As the new decade begins, there is considerable merit in systematically embarking on expanding the level and scope of international financial services (IFS) in India.

IFS includes such activities as fund raising,asset management and global portfolio diversification, mergers and acquisitions, corporate treasury management operations and financing public-private partnerships.

While Mumbai is the most logical centre for further developing IFS in India, others such as the proposed Gujarat International Financial Tech-city (GIFT) could act as a complementary centre.

It may seem odd to stress the need for developing IFS during the fragile recovery from the global financial and economic crisis. The Reserve Bank of India (RBI) has argued with considerable justification that its conservative approach to liberalisation of the financial sector has significantly contributed to mitigating the macroeconomic impact of the current global crisis.

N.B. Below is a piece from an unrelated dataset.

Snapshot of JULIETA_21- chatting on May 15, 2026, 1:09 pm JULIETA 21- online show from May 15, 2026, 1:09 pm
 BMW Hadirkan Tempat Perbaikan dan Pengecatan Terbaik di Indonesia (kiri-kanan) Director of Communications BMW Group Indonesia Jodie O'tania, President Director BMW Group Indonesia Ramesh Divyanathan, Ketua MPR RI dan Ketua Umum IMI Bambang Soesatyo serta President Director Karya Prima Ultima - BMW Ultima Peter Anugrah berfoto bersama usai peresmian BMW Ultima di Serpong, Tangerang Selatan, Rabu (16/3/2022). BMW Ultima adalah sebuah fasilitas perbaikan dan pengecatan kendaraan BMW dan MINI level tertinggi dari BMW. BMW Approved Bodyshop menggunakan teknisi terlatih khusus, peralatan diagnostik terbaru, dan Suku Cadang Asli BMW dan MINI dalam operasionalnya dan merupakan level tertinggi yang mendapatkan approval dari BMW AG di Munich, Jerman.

Nevertheless, diminished prospects of the current providers of IFS due to the crisis and subsequent rethinking of the appropriate role of finance; India’s own growth prospects; and its vision of emerging as a major economic power strongly suggest that this is an opportune time to develop IFS in India.

It should be recognised that current and capital account flows invariably involve IFS transactions. The 2007 report of the committee set up by the finance ministry (known as the Percy Mistry Committee Report) has estimated that even under conservative assumptions, purchases by Indian households and firms of IFS will be nearly $50 billion by 2015, and could exceed $120 billion by 2025.

In 2008, India had a merchandise trade deficit of $116 billion, and a trade surplus of $19 billion on services trade, resulting in a total trade deficit of $97 billion. The merchandise trade deficit is likely to continue to remain high. IFS purchases envisaged would lead to even higher deficits, putting considerable pressure on India’s balance of payments and exchange rate.

India’s consolidated true fiscal deficit is projected at nearly 13% of GDP in 2009-10. India’s public debt already exceeds 85% of GDP (a maximum of 60% is considered to be sustainable). The fiscal and current account deficit together would have serious repercussions on macroeconomic and financial stability.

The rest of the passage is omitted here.